The Jewish exodus from Arab lands refers to the 20th century emigration of Jews, primarily of Sephardi and Mizrahi background, from majority Arab lands. Typically, this emigration followed discrimination, harassment, persecution, and financial confiscation on the part of the majority population and/or government agencies. Approximately two-thirds of affected Jews emigrated to the modern State of Israel; other common refuge destinations included the United States, Canada and France. Disruption overall was significant: the ancestors of many Jews had resided within Arab lands for centuries before the advent and spread of Islam in the seventh century CE. The ancestors of others had immigrated in later centuries.
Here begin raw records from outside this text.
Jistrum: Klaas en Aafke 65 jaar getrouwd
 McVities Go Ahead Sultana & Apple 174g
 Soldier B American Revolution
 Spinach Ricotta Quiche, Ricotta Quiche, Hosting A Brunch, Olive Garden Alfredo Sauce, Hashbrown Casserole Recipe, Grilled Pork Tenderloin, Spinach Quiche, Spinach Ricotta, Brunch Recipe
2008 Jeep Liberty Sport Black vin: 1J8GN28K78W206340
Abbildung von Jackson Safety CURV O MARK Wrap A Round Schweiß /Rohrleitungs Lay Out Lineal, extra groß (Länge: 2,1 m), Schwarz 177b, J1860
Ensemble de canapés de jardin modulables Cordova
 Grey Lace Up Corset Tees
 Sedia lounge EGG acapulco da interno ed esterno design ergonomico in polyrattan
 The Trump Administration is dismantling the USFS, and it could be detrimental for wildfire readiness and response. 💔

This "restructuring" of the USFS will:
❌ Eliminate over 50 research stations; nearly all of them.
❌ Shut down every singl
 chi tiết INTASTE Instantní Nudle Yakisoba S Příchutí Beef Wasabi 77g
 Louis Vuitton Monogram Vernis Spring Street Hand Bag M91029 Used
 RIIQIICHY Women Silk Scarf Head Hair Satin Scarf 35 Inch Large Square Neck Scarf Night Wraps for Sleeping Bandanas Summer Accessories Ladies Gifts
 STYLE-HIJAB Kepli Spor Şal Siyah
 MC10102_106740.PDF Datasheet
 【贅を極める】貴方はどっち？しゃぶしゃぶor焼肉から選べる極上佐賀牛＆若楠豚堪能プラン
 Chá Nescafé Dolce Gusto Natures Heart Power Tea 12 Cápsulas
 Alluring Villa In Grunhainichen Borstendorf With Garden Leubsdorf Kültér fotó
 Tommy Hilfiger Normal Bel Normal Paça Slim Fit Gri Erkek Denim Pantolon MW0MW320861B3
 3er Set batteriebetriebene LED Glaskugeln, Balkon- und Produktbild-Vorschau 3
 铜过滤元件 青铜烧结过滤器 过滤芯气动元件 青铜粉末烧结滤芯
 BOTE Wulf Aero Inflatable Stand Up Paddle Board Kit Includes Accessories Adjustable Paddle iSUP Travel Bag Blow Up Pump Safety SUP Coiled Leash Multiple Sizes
Previously sporadic Jewish emigration from Arab lands accelerated following the establishment of Israel in 1948. The process accelerated as Arab nations under French, British and Italian colonial rule or protection gained independence. Further Arab-Israeli wars were sustained by, and in turn exacerbated, anti-Jewish sentiment within the various Arab-majority states. Within a few years after the Six Day War there were only remnants of Jewish communities left in most Arab lands.

Many, but by no means all, writers on the topic regard the Jewish exodus from Arab lands as a historical parallel to the Palestinian exodus during the 1948 Arab-Israeli War and the Six-Day War. Jews in Arab lands have been reduced by more than 99% since 1948 while the Arab population of Israel has grown larger than its 1948 base.


Post - Top - Home - Printer Friendly - Translate

Subject: RE: BS: (recognizing Israel) too much to ask?
From: beardedbruce
Date: 26 Sep 06 - 05:07 PM

After the 1948 War for Independence and the Jordanian takeover, the Palestinian Arabs never attempted to establish an independent state in the territory alloted to them by the 1947 United Nations Partition Plan. They cooperated with its unilateral annexation by Jordan, becoming part of Jordan's political system. Across the barbed wire that marked the dividing line, Jordanian East Jerusalem was not made the capital, even for its Palestinian residents, in 19 years of Jordanian rule. The capital remained in Amman. There was no outcry of claims of "Palestinian" identity being submerged by Jordan.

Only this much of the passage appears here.